[Short text fragments from websites]
*** Block opens ***

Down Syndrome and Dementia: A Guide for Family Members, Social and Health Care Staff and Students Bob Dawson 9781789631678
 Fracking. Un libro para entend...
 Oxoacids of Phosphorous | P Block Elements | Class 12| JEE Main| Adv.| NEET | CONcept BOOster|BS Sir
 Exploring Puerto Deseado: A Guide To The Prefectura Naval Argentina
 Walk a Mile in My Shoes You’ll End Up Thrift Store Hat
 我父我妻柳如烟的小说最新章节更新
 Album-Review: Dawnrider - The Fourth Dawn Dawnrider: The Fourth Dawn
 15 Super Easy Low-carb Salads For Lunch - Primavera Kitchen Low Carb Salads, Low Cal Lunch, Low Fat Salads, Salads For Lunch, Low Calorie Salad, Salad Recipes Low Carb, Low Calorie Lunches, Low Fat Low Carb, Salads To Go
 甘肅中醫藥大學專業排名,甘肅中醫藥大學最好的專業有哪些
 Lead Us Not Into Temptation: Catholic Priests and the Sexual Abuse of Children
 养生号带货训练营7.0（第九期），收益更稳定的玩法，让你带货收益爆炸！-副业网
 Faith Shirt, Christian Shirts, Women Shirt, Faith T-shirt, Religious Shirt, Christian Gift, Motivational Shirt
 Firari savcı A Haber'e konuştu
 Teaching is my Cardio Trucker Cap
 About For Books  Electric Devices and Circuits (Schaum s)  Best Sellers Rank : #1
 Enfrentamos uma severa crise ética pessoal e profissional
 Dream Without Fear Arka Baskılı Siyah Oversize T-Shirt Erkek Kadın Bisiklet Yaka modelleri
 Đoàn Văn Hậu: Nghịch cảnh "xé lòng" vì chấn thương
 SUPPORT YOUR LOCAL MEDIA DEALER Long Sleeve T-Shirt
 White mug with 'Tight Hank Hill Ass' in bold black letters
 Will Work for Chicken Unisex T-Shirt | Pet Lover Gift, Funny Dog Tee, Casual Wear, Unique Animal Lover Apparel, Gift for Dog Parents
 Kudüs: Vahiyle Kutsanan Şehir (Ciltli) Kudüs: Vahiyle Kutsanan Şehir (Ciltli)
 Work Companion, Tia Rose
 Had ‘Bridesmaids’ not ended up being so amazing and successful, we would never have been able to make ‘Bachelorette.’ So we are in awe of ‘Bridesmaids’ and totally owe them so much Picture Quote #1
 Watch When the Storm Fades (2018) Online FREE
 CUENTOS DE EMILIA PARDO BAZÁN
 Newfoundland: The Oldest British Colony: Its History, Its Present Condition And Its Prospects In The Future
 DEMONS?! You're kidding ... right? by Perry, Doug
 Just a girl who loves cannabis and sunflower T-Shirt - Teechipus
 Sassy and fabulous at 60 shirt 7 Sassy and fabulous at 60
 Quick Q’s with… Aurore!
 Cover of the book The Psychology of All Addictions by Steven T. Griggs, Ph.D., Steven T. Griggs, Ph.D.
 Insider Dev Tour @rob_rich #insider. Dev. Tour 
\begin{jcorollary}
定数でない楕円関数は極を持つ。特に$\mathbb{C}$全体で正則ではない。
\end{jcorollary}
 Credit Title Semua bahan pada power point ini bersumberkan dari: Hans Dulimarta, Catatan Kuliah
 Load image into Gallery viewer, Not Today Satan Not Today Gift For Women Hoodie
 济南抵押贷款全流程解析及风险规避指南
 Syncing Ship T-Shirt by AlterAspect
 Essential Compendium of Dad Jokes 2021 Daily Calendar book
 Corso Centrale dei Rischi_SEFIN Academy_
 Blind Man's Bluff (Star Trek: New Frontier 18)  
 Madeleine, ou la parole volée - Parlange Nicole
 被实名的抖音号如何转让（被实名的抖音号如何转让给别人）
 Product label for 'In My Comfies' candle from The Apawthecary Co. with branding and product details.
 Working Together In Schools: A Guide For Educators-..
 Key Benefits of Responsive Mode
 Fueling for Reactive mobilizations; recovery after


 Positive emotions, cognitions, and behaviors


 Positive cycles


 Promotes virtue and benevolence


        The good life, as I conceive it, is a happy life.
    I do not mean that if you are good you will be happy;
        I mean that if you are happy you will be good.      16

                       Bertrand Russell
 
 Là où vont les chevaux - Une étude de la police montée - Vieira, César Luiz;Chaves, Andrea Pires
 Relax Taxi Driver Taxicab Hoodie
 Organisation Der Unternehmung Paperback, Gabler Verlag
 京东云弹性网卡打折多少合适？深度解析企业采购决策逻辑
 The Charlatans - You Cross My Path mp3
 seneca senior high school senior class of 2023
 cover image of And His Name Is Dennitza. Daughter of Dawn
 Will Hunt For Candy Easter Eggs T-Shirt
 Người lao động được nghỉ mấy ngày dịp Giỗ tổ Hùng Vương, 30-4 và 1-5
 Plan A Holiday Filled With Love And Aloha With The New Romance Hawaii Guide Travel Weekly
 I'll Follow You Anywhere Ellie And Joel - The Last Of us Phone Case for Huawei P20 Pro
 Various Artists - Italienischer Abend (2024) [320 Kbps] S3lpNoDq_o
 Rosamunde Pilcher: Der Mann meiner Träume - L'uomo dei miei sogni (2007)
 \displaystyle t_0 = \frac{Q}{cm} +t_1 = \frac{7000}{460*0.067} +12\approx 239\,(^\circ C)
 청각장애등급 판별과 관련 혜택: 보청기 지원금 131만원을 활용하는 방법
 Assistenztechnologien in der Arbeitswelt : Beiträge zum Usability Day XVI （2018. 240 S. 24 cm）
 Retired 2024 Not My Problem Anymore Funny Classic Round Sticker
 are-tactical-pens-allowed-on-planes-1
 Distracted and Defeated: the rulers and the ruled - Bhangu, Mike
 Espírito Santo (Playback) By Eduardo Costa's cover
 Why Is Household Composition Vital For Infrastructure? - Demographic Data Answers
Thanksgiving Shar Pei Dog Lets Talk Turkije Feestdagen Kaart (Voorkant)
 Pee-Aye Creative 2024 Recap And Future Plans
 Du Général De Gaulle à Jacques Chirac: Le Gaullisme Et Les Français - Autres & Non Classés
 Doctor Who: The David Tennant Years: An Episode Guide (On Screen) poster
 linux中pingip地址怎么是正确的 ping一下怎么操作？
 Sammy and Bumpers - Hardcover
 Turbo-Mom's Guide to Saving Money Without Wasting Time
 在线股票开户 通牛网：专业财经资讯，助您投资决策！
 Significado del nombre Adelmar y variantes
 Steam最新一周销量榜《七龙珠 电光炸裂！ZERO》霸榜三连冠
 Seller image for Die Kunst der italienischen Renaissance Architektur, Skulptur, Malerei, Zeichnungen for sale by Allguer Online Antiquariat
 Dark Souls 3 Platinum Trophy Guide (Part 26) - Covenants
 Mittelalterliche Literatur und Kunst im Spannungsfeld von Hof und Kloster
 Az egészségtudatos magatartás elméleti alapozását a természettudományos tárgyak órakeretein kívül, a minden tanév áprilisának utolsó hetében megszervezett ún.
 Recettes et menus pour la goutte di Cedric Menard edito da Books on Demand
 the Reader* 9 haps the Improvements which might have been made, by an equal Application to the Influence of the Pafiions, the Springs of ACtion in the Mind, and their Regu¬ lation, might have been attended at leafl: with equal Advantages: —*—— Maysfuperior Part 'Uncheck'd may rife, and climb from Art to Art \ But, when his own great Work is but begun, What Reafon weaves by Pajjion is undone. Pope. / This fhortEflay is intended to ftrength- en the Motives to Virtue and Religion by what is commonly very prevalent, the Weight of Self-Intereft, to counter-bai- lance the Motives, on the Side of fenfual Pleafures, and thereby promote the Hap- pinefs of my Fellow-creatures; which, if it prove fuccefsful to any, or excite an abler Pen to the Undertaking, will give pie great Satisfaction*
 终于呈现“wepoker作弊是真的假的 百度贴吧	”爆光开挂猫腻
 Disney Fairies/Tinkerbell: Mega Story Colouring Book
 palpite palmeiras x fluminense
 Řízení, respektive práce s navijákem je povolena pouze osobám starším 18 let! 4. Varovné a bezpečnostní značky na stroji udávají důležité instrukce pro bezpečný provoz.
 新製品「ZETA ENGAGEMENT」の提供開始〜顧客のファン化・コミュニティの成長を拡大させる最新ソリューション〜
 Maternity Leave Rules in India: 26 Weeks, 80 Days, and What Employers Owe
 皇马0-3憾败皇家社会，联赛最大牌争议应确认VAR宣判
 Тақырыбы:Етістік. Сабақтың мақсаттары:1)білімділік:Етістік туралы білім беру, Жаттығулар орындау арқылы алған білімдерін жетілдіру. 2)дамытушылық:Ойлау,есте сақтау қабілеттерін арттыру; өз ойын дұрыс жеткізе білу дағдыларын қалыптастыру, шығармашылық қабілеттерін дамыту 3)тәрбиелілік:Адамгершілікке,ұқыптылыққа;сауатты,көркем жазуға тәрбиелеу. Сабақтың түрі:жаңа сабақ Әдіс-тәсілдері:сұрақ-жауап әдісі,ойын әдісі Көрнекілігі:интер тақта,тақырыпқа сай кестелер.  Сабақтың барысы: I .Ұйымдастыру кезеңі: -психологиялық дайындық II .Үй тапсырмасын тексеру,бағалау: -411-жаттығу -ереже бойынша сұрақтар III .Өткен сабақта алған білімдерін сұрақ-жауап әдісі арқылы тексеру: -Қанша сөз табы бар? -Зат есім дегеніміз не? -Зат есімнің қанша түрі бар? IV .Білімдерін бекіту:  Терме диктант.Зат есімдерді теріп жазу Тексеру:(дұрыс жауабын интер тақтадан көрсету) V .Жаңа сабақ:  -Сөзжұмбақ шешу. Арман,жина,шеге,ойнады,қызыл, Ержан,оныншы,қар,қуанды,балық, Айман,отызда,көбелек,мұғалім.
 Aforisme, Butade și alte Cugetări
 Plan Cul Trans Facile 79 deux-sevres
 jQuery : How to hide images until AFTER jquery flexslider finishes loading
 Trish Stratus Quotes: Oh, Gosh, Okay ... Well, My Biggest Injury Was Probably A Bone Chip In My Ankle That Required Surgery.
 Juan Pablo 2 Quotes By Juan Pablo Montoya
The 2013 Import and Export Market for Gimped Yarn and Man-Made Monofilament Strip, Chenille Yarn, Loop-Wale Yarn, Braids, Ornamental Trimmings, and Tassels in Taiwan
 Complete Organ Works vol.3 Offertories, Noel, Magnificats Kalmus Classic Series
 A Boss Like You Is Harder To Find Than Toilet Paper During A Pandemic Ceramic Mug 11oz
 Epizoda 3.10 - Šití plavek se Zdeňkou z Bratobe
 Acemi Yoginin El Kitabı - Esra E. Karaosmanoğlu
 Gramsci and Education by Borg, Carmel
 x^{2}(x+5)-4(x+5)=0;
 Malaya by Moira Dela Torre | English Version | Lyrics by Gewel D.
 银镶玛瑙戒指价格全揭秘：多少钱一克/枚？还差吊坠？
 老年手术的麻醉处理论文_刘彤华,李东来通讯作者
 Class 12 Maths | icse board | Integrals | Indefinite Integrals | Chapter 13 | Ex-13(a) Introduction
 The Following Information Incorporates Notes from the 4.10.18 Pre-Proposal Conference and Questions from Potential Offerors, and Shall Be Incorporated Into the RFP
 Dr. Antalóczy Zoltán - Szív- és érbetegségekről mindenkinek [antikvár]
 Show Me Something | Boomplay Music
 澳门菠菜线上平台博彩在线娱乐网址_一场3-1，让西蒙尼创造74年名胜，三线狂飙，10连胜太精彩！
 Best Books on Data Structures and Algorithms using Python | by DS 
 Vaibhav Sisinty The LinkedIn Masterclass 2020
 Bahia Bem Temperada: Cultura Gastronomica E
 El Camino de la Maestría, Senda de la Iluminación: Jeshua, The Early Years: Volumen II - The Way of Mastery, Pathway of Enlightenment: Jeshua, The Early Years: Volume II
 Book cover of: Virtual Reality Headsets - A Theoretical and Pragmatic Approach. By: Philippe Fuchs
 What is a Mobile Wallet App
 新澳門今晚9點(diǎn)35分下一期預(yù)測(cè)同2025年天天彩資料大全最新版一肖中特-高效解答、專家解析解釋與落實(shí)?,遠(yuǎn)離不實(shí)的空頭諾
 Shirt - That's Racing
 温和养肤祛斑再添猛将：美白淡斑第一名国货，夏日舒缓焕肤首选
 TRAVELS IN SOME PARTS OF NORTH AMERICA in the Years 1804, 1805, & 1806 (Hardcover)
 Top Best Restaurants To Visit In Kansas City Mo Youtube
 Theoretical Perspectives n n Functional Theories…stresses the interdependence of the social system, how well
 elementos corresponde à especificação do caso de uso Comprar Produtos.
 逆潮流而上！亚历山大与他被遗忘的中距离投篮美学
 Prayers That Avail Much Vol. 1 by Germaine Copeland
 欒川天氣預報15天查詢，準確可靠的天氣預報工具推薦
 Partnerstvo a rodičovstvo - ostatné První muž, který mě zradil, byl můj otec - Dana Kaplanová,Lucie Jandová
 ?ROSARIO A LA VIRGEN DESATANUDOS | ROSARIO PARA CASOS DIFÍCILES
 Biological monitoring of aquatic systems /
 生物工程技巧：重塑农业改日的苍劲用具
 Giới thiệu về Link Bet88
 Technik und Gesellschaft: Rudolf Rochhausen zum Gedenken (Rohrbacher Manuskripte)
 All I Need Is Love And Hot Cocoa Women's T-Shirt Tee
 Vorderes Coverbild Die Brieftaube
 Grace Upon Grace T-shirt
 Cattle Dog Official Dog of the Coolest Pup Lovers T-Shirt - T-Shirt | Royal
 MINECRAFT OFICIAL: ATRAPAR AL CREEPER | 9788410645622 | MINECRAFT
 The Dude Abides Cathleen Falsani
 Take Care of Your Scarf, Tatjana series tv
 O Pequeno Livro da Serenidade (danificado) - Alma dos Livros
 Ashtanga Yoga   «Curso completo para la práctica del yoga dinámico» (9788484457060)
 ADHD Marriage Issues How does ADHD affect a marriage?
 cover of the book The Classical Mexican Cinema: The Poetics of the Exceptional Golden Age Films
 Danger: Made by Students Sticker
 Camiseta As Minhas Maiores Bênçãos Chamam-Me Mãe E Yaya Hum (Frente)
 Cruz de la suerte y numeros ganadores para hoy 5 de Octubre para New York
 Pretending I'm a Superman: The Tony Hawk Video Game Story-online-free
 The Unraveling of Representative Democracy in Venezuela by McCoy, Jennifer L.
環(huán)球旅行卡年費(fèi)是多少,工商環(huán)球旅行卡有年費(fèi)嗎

*** Block closes ***

**EXERCISE:**
Copy each line of the records that has "Data" in it.

**RESPONSE AREA:**
 Why Is Household Composition Vital For Infrastructure? - Demographic Data Answers
 Best Books on Data Structures and Algorithms using Python | by DS 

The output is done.